Michelangelo’s Sagrestia Nuova (New Sacristy) ★★, built to jibe with Brunelleschi’s Old Sacristy in San Lorenzo proper, is much calmer. (An architectural tidbit: The windows in the dome taper as they get near the top to fool you into thinking the dome is higher.) Michelangelo was supposed to produce three tombs here (perhaps four) but ironically got only the two less important ones done. So Lorenzo de’ Medici (“the Magnificent”)—wise ruler of his city, poet of note, grand patron of the arts, and moneybags behind much of the Renaissance—ended up with a mere inscription of his name next to his brother Giuliano’s on a plain marble slab against the entrance wall. Admittedly, they did get one genuine Michelangelo sculpture to decorate their slab, a not-quite-finished “Madonna and Child” ★.

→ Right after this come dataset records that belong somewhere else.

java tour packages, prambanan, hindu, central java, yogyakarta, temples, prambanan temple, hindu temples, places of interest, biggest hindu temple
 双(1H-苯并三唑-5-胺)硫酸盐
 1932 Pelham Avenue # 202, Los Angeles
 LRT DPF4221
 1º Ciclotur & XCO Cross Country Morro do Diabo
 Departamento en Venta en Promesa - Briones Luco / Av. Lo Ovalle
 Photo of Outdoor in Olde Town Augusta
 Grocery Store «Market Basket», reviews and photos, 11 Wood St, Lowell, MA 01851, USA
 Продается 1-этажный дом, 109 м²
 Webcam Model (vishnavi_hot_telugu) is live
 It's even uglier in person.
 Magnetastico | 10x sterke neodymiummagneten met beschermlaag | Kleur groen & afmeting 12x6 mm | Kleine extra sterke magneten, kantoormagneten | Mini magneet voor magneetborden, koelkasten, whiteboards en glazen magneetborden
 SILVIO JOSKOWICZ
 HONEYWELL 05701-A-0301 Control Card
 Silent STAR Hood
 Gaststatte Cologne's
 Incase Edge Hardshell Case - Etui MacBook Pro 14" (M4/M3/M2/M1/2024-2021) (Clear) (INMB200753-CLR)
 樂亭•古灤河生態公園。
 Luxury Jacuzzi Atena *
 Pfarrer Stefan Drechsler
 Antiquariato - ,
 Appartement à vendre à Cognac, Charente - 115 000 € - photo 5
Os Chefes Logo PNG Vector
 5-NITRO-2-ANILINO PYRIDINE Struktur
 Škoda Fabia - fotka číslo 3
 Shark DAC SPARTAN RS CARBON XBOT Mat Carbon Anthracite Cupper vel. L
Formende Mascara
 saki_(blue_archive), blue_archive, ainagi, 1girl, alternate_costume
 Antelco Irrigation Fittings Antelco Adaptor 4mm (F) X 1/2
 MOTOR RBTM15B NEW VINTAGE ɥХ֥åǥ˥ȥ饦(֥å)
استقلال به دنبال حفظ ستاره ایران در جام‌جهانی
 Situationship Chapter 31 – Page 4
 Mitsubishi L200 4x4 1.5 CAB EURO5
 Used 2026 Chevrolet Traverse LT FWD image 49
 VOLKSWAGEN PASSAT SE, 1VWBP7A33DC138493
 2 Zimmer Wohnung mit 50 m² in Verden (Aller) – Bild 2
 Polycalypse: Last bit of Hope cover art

On the left wall of the sacristy is Michelangelo’s “Tomb of Lorenzo” ★, duke of Urbino (and Lorenzo the Magnificent’s grandson), whose seated statue symbolizes the contemplative life. Below him on the elongated curves of the tomb stretch “Dawn” (female) and “Dusk” (male), a pair of Michelangelo’s most famous sculptures. This pair mirrors the similarly fashioned “Day” (male) and “Night” (female) across the way. One additional point “Dawn” and “Night” brings out is that Michelangelo perhaps hadn’t seen too many naked women.